Sorry, something doesn’t make sense here. 

If the arm has no continuity to a grounded bridge, then how does the circuit even know if the arm is there in place or if you are touching it?

May I suggest you look at for them
Claw ground for a cold ground.
 
Never had a problem like this with the gotoh trem.  I swapped the trem claw with a tremelno and screwed on the grounding wire.
 
I've never had a problem like this either. That's why I posted this, LOL. The trem ground is good; it's not a cold joint, and the guitar has zero other electrical issues - I would expect problems elsewhere too if it were a bad joint. The Delrin ring appears (to me) to sometimes get in the way of the arm staying grounded; I can't think of anything else that would explain this and be fixed by the kludge I put in. You would not normally notice this because your hands would be on the strings but if your hand is only on the trem arm and you have high gain there's plainly something going on, though it's quiet and it's activated by trem usage.

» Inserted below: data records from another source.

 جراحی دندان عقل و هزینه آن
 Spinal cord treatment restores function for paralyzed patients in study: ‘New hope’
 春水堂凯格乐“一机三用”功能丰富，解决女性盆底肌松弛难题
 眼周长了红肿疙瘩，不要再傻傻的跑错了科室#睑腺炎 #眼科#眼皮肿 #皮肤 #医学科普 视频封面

Somehow, I always seem be be able to find some weird problem that nobody's ever seen.  :laughing7:
 
Addendum: I could, of course, be totally wrong about the Delrin ring causing this; it's just that that's the only idea I've had so far. It really doesn't make any sense to me.
 
Tyrannocaster said:
Somehow, I always seem be be able to find some weird problem that nobody's ever seen.  :laughing7:

You, Sir, have a gift.  You should get into the testing field and find all the stupid bugs that are out in the world.
 
i went back and reflowed the solder joint on the claw, although it looked fine to me. I am playing and working on a project now so it will have to wait for me to take my kludge off; it involves loosening the upper E so I can get under its spring with the ground braid.
 
Have you checked your grounding and grounding wires for continuity. It would not be the first time a broken wire that appears intact could be to blame.
 
stratamania said:
Have you checked your grounding and grounding wires for continuity. It would not be the first time a broken wire that appears intact could be to blame.

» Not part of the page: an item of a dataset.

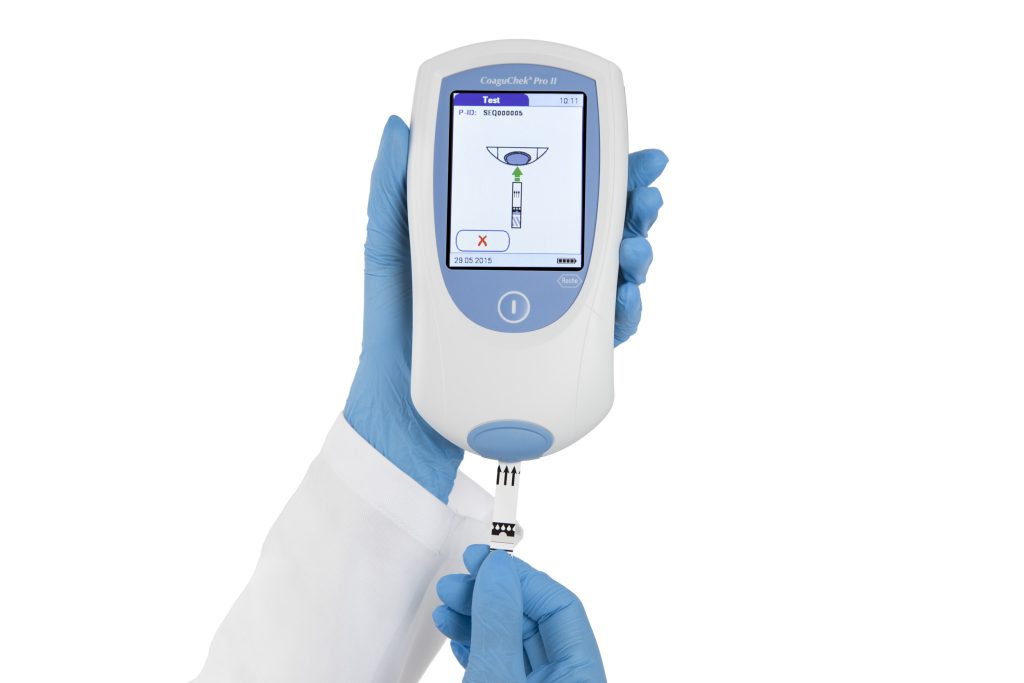 Novo equipamento para monitoramento da coagulação é aprovado pela Anvisa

Yes, I looked it all over yesterday when I had it apart to swap loaded pickguards. It's done the same thing with two different loaded pgs, and at least one of them had no such issue in the other guitar. I will check the one I just took out of the Warmoth when I put that one in one of my other bodies, possibly later today, but I really don't think that's it.

It's just a really weird thing! You'd never notice it live, but I do a lot of recording and everything is under a magniscope there. Like, if you're using some gain and you hit a chord and trem-warble it as it fades; when it gets softer you can hear it - when it's happening. It was driving me nuts before I put the braid kludge on it.
 
The Braid Kludge, sounds like a good name for something  :eek:ccasion14:

Anyway hope you get to the bottom of it, I am not a fan of noise myself.
 
Just chiming in almost 2 years later because I thought it was important to let OP know they're not going crazy, contrary to the other posts in this thread.

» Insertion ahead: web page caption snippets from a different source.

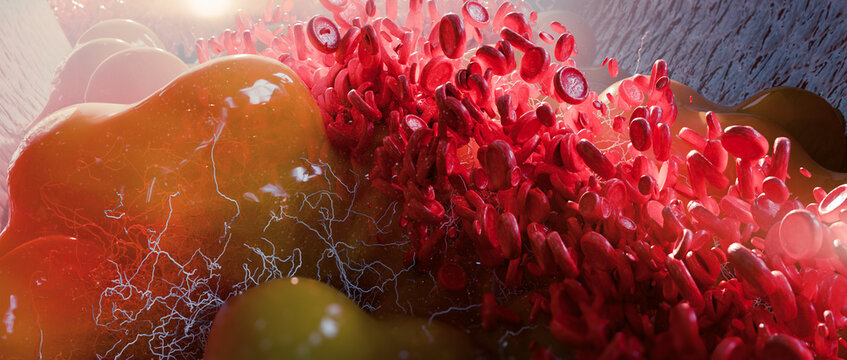 Fat cells,  adipocyte and lipocyte, cholesterol in a cells, blocked vessel in high level of LDL (bad cholesterol) lipoprotein,  risks of heart disease, metabolic syndrome and diabetes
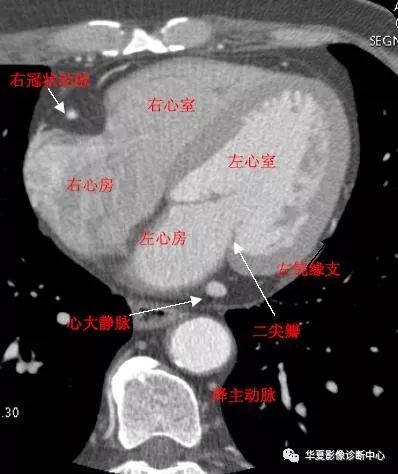 影像解剖|心脏冠状动脉ct解剖中文详细标注(图文)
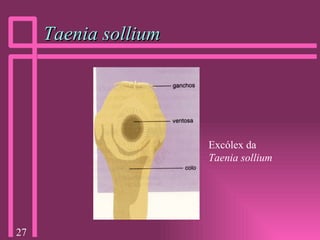 Taenia sollium Excólex da  Taenia sollium 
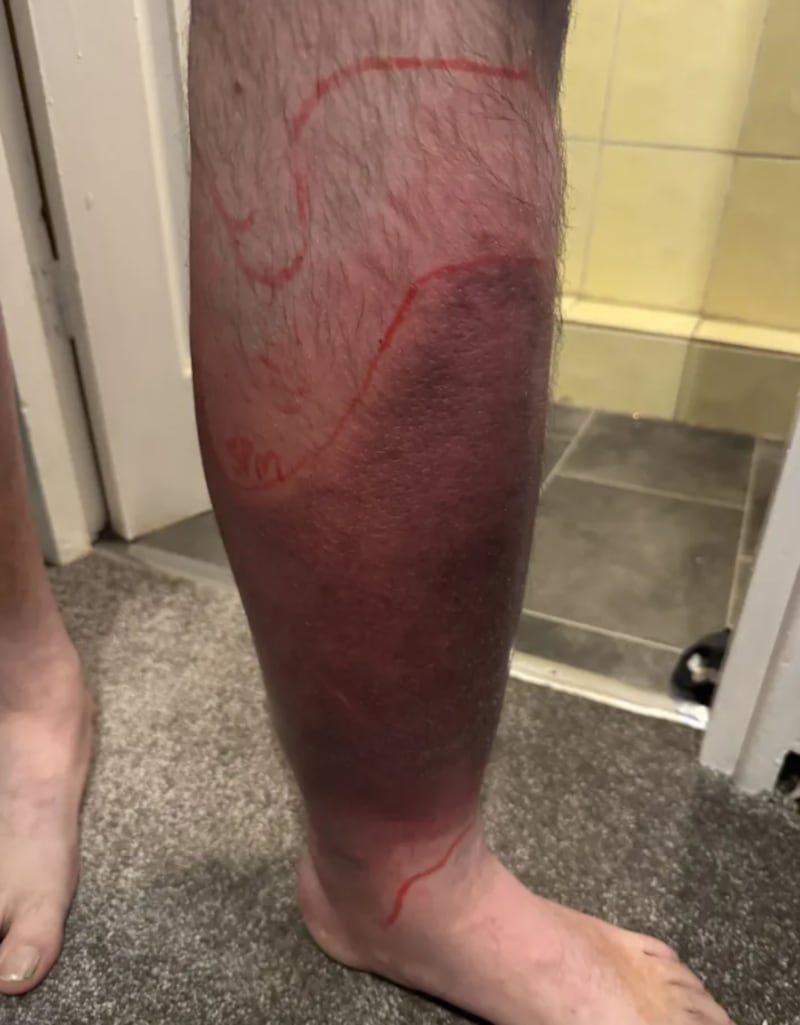 Hombre casi pierde la pierna tras rasparse en las escalera de la piscina en vacaciones. Imagen: The Sun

This seems to happen with tremolos which have some sort of nylon sleeve which helps affix the tremolo arm to the tremolo. For me, it happens on my Wilkinson WVS1302p, Gotoh 510, and Wilkinson Gotoh VS100N. It doesn't happen on my Ibanez tremolo which has a metal nut to affix it. Why it happens is because when using the bar, the bar itself moves within the tremolo block, intermittently losing physical connection with the bottom of the tremolo. Since the nylon sleeve is not conductive, once the tremolo arm loses contact with the bottom of the tremolo, it's no longer grounded.

Most guitarists won't notice this, but if you play in an environment where random noises are unacceptable (e.g., jazz big band) or do a lot of recording, then yes, this is annoying! If you want to hear it and have a tremolo with a nylon sleeve like this, just put some gain (but not too much!) on and wiggle the trem bar (without grounding the strings with your hand).

I've lived with it for years, and when I do recording and this is an issue I just temporarily ran a small piece of copper foil from the bar to the tremolo haha...but I think I will try OPs suggestion.